René Fiori, pose la question du statut permanent ou temporaire du sinthome trouvé par le sujet (Lettre mensuelle n° 236 p.17) et souligne la part d’incalculable. « Pourquoi la mise à distance de cette jouissance se réalise-t-elle pour tel sujet et pas pour tel autre ? » Il n’y a pas de ready-made.
Suppléer, c’est nommer, ce qui revient à donner un sens au réel et noue les trois ronds. Joyce, s’est engagé dans une nouvelle voie de l’écriture, tout à fait essentielle à son Ego, à entendre comme l’idée de soi comme corps ayant un poids, une consistance. Le dérapage, le glissement de l’imaginaire de Joyce est corrigé par cet Ego réparant le rapport manquant, de ce qui ne se noue pas borroméennement dans son cas. Le sinthome de Joyce, c’est son ego faisant suppléance là où les noeuds bo montrent un lapsus du noeud au niveau de l’imaginaire.

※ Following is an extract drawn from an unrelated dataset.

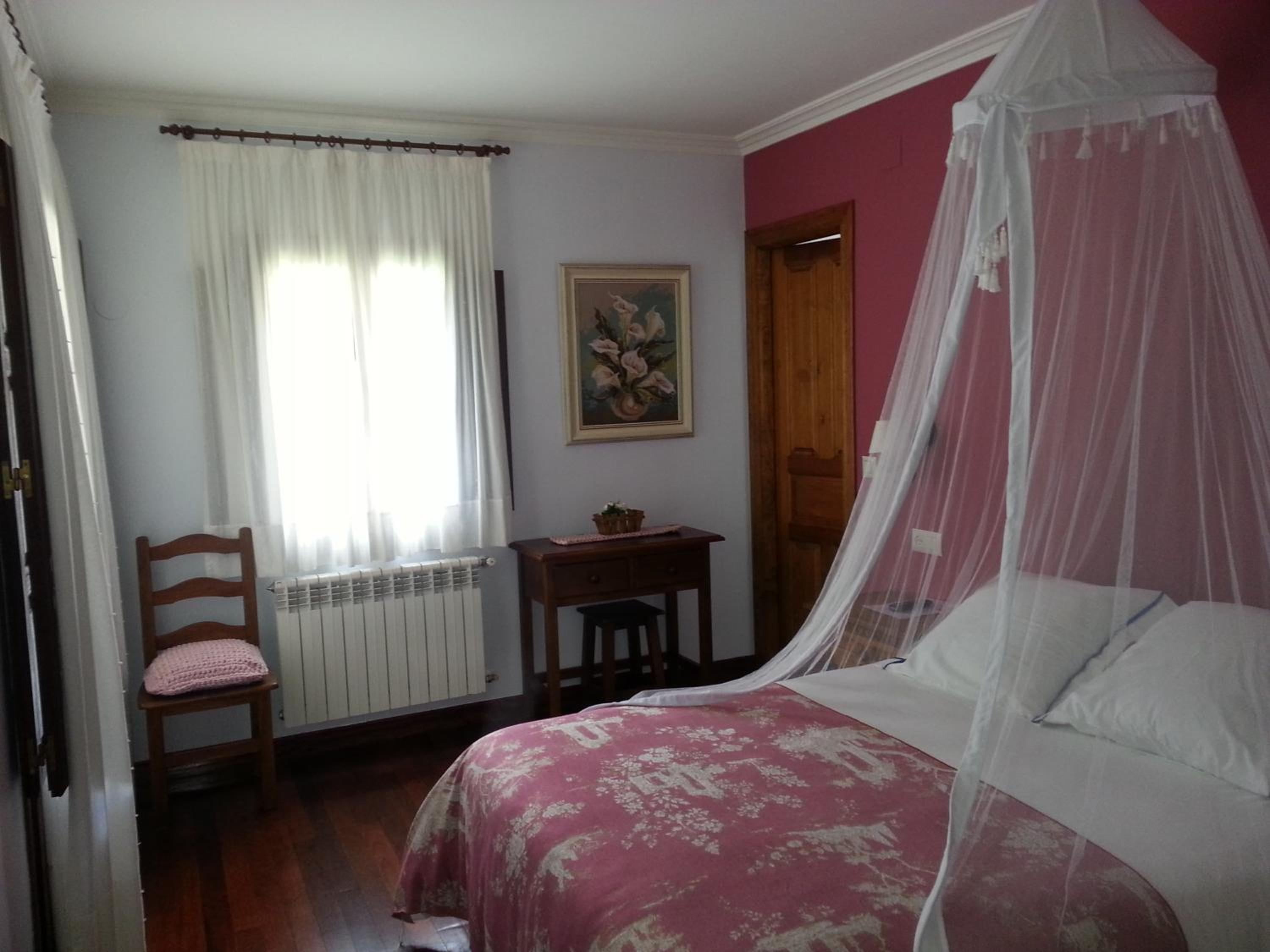 Habitación Doble Superior con Vista a la Piscina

Lacan ne limite pas la fonction de la nomination au rond du symbolique : « … peut-être pouvons-nous préciser qu’après tout, il n’y a pas que le symbolique qui ait le privilège des Noms-du-Père, il n’est pas obligé que la nomination soit conjointe au trou du symbolique3 (Séminaire RSI ; séance du 11 février 1975 , Ornicar n°4, 1975, p. 99) Il propose la nomination de l’imaginaire comme inhibition, la nomination du réel comme angoisse, et la nomination du symbolique comme symptôme.
Conclusion
Pour réparer le ratage du noeud entre le symbolique et l’imaginaire Lacan propose de faire une épissure de l’imaginaire et du savoir inconscient
« Tout ça pour obtenir un sens, ce qui est l’objet de la réponse de l’analyste, à l’exposé par l’analysant, tout au long de son symptôme. Quand nous faisons cette épissure, nous en faisons du même coup une autre, précisément entre ce qui est symbolique et le réel. C’est-à-dire que, par quelque côté, nous apprenons à l’analysant à épisser, à faire épissure entre son sinthome et le réel parasite de la jouissance. Ce qui est caractéristique de notre opération, rendre cette jouissance possible, c’est la même chose que ce que j’écrirai jouis-sens. C’est la même chose que d’ouir un sens. C’est de sutures et d’épissures qu’il s’agit dans l’analyse … Trouver un sens Implique de savoir quel est le noeud, et de le bien rabouter grâce à un artifice. Faire un noeud avec ce que j’appellerai une chaînoeud borroméenne, est-ce qu’il n’y a pas là abus ? » Lacan Séminaire XXIII p. 73.)